Back some years ago when I lived in Pennsylvania, my ex-wife and I asked an artist friend to create a piece reminiscent of a Midwestern evening. He returned with a simple painting: an empty corn crib silhouetted against an autumn sunset.

It seems the thing we missed most, living in the quiet green shadow of Mount Nittany, was the way twilight lingers over the flatlands. Everything is just a matter of perspective.

Yeah, yeah—not much of a revelation there.

But many of us forget a couple of important things. First, the life of a community is made up of perspectives—issues understood from many sides, with few concrete rights or wrongs.

Granted, there are a few moral absolutes.
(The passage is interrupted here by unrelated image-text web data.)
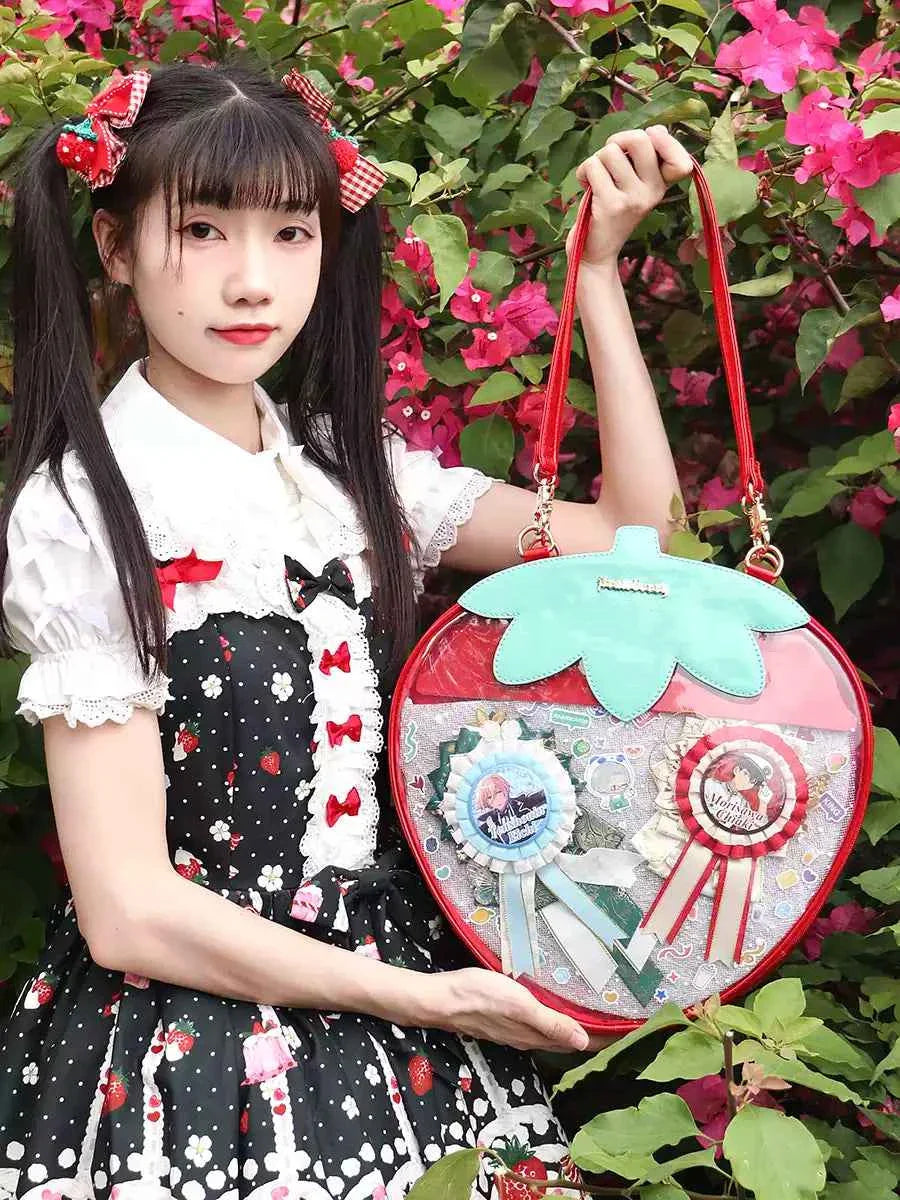 Strawberry Ita Bag A4 Size with Adjustable Shoulder Straps Red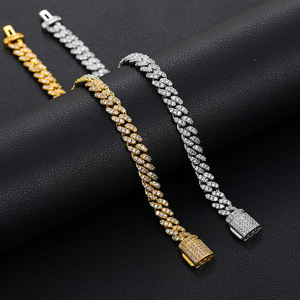 Pulsera de Cadena de Diamantes Chapada en Oro y Rodio sobre Plata 925 para Hombre, Corte Brillante Redondo, Micro Pavé, Geométrica, de Lujo, para Uso Diario - Product Image 4
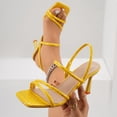 thumbnail image 6 of SACFOF Women's Strappy Kitten Heels Square Open Toe Sandals Party Wedding Ankle Strap Shoes, 6 of 6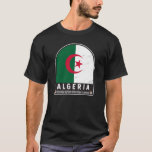 T-shirt Algérie - Emblème du drapeau Vintage<br><div class="desc">L'emblème en détresse de l'Algérie avec le drapeau et les armoiries.</div>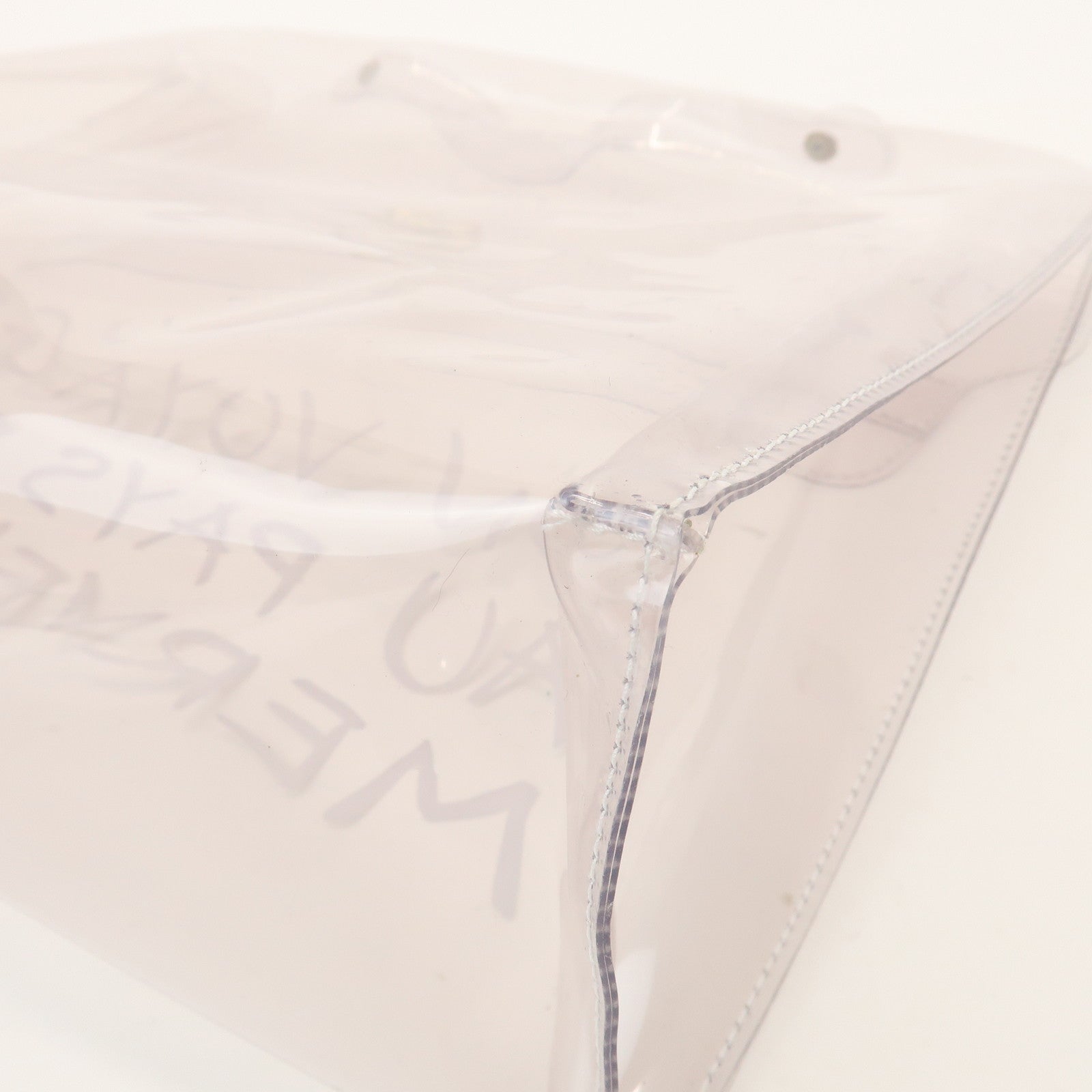 HERMES Kelly Vinyl Hand Bag Clear Gold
Murder, fraud, the music of Mariah Carey, the films of Jim Carrey, the New York Mets and Oprah--all wrong.

Secondly, not all perspectives count the same.

From an expert’s point of view, the work of art created by our buddy hardly bears up to scrutiny. His brush expressed nothing more than an old crib with a day waning behind it. There’s no allegorical depth, no real meaning—except to those who longed for a reminder of their own past.

From a resale perspective, the experts would be right.

If I wished to fight about it, though, I might dig in my heels and spout some ready lines about American primitivism, some spurious ties to Grant Wood’s American Gothic or whatever—I’ve been involved in enough pointless debates to wing it for awhile.

Writing about the art of war, Sun Tzu admonished military leaders to know themselves as well as their opponents. He believed success was, in part, a matter of brutal honesty. Too often, though, we hear from those who refuse to budge from a personal or partisan perspective. Politicians with little real expertise in some complex issue will dismiss options that differ from their own desires.

As Groucho Marx’s character Rufus Firefly said, “whatever it is, I’m against it.”

So if honesty with oneself is a guide, I must confess that Carrey isn’t such a bad actor. In fact, he carried Man on the Moon. The 1969 Mets inspired a nation. And Oprah...no, I can’t do it.

The point is, by clinging hard and fast to ill-informed positions, some people willingly mislead themselves and others.

Why are the County Commissioners opposed to a drag strip? Certainly it’s not because of unclear language on the petition—that’s just a legal matter. Perhaps they’re digging in their heels, perhaps they have sound fiscal reasons. But if the commissioners (and those in favor of the track, for that matter) aren’t honest with themselves about the source of their opposition, it’s bound to be a poor decision.

Granted, a strip of asphalt is not enough to fill Kimball’s storefronts. But a community hears, appreciates and tries to understand its citizens and all of their opinions. An honest community puts its faith in informed perspectives, above the stubborn.

Then again, it’s always possible to wing it.